The default database supplied for libtidbit access is a caching fork of a memory database and a D-Bus connection. The D-Bus service wakes up automatically to connect the applications to the global servers.
There are just three database commands at the moment:
- Insert to push new tidbits into the system
- Query to ask for tidbit GUIDs which match a query
- Fetch to get the full record from a GUID
The GUID is actually the signature and is unique(ish) to each record.
Lets do a 2 minute into of how to create and post a tidbit for a fictional TV application. The following should be the same in both C and Python (although C requires types).
Step 1: Get a key
key = tidbit_key_get ("mytv", "MyTV v1.2");
Here we supply the name of out application twice. The first should never change so we pick up the same key each time, and the second is used for the user agent.
Step 2: Get a database
database = tidbit_database_default_new ();
This gets the default database on the system.
Step 3: Create the record
record = tidbit_record_new ("television/episode");
This creates a new record we can put data into. The table name is compulsory so we supply it here.
Step 4: Add the data
tidbit_record_add_element (record, "series_name", "Ugly Betty", TIDBIT_RECORD_ELEMENT_TYPE_KEY); tidbit_record_add_element (record, "episode_name", "The Butterfly Effect (Part 1)", TIDBIT_RECORD_ELEMENT_TYPE_KEY); tidbit_record_add_element (record, "rating", "0.6", TIDBIT_RECORD_ELEMENT_TYPE_VALUE);
Note the difference between the key and value entries (as the ‘==’ and ‘:=’ before). We may change our rating later, so that is a value, and so overwrite the records which match on the keys.
Step 5: Sign the record
tidbit_record_sign (record, key);
Once a record is signed, it cannot be altered.
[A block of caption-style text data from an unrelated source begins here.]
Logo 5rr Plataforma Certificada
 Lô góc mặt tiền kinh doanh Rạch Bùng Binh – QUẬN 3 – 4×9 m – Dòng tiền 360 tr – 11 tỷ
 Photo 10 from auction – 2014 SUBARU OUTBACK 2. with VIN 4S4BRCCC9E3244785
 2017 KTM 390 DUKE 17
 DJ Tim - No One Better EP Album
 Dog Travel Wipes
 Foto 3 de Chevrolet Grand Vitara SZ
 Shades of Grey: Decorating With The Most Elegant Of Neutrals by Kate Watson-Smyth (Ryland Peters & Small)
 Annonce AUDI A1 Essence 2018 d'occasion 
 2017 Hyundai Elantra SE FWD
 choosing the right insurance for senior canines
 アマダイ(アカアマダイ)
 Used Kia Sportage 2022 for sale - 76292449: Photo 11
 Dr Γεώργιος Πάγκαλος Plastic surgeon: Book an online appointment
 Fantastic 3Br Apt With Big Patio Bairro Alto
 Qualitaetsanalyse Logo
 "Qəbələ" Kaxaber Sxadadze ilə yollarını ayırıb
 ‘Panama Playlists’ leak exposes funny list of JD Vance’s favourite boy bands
Step 6: Insert it into the database
tidbit_database_insert (database, record);
Step 7: Tidy up
Now we are finished with this record, we free it. By now, the record is happily on its way around the world.
If you have interests in the semantic web/distributed hashtables, you have an idea for an awesome application, you found a fundamental error or you just want to have a bit of a play, then the source is available.